# Aim of the exercise
Everything from the line containing "Negombo Fort Gallery" through the line containing "They Re Making" should be repeated exactly, and nothing else from the data.

------ Material to process ------

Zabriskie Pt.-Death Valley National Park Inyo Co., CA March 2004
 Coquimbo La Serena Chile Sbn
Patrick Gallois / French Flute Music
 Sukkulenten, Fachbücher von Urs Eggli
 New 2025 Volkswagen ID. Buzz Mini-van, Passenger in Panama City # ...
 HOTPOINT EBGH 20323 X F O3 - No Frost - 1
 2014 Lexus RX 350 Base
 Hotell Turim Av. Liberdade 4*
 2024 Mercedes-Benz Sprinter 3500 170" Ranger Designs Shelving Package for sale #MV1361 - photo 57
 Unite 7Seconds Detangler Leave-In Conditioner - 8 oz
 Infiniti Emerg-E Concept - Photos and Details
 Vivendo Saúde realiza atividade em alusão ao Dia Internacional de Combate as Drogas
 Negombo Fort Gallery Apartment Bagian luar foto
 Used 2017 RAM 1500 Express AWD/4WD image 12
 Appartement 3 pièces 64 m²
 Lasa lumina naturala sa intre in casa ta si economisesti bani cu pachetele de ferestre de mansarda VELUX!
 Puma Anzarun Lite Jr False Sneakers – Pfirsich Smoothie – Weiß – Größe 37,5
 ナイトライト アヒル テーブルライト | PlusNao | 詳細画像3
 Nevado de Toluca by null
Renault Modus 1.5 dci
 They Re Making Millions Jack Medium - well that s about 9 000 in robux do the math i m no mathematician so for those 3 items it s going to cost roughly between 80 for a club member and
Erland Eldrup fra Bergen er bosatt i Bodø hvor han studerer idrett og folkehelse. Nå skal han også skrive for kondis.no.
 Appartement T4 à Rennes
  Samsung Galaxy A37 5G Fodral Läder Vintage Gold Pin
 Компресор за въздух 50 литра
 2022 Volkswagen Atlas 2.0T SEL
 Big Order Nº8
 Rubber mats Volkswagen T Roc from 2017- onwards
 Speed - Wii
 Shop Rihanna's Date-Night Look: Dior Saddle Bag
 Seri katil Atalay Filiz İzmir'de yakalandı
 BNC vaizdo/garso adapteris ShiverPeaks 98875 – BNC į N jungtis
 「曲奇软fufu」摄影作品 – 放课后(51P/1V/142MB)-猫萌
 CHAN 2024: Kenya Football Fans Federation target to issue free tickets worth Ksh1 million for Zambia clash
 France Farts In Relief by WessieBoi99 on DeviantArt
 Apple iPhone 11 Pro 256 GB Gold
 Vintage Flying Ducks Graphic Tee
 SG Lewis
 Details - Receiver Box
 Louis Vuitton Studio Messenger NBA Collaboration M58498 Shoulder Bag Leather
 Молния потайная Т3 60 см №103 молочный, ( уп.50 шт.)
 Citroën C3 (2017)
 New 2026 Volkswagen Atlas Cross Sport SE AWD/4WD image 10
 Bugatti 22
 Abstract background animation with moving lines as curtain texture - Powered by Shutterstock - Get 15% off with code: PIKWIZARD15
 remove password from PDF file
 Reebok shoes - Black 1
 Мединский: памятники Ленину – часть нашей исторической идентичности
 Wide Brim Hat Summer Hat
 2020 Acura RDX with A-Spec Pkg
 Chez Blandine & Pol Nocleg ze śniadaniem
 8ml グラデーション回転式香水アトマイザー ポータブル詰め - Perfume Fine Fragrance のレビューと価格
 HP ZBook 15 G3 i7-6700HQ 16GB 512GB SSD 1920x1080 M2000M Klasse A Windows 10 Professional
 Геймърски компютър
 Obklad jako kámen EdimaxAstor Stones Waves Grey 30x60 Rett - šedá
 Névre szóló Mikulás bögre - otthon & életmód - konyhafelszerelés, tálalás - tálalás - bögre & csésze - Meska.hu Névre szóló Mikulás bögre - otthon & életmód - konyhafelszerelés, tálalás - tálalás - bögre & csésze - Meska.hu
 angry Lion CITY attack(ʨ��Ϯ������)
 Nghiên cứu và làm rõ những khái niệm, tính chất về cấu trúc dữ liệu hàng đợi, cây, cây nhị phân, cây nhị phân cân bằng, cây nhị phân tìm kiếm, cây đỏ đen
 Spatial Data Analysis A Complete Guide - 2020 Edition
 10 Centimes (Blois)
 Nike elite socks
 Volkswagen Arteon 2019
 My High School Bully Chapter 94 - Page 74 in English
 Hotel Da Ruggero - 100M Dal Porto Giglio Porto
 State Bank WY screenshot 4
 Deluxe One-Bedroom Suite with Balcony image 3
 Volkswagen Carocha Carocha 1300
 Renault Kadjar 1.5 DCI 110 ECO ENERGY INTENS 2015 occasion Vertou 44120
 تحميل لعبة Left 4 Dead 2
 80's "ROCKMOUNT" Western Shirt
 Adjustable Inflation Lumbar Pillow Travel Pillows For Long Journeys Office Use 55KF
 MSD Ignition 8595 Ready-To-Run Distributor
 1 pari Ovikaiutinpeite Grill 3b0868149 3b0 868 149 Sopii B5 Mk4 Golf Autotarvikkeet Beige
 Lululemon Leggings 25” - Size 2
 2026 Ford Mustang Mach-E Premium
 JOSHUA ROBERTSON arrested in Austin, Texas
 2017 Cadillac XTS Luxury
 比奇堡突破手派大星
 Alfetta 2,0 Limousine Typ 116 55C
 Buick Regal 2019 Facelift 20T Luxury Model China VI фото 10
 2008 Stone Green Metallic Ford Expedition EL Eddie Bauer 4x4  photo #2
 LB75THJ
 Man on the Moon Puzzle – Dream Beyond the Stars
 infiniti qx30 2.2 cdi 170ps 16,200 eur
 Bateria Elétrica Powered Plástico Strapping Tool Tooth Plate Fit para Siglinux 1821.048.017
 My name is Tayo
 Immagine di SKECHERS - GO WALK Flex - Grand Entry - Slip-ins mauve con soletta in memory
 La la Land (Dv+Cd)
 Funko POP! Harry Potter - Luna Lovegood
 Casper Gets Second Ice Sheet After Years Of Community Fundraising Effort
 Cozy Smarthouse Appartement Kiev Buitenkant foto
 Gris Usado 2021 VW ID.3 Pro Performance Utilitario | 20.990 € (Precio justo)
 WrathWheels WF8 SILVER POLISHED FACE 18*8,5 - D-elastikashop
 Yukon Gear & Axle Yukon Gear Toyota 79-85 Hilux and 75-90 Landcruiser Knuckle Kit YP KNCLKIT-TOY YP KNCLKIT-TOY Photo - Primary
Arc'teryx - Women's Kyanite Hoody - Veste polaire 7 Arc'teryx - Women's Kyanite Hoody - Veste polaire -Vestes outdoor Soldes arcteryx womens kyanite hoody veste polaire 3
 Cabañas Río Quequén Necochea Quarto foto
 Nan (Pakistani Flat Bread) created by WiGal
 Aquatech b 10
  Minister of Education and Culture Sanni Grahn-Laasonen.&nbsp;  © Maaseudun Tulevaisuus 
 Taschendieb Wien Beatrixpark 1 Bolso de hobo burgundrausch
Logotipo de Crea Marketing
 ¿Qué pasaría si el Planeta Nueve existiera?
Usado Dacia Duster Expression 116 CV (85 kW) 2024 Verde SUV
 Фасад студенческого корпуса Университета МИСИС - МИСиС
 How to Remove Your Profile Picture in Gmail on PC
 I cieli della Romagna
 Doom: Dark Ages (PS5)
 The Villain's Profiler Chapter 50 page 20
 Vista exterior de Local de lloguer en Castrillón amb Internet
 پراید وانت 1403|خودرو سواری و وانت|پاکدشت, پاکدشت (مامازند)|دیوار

------

# Answer to this task
 Negombo Fort Gallery Apartment Bagian luar foto
 Used 2017 RAM 1500 Express AWD/4WD image 12
 Appartement 3 pièces 64 m²
 Lasa lumina naturala sa intre in casa ta si economisesti bani cu pachetele de ferestre de mansarda VELUX!
 Puma Anzarun Lite Jr False Sneakers – Pfirsich Smoothie – Weiß – Größe 37,5
 ナイトライト アヒル テーブルライト | PlusNao | 詳細画像3
 Nevado de Toluca by null
Renault Modus 1.5 dci
 They Re Making Millions Jack Medium - well that s about 9 000 in robux do the math i m no mathematician so for those 3 items it s going to cost roughly between 80 for a club member and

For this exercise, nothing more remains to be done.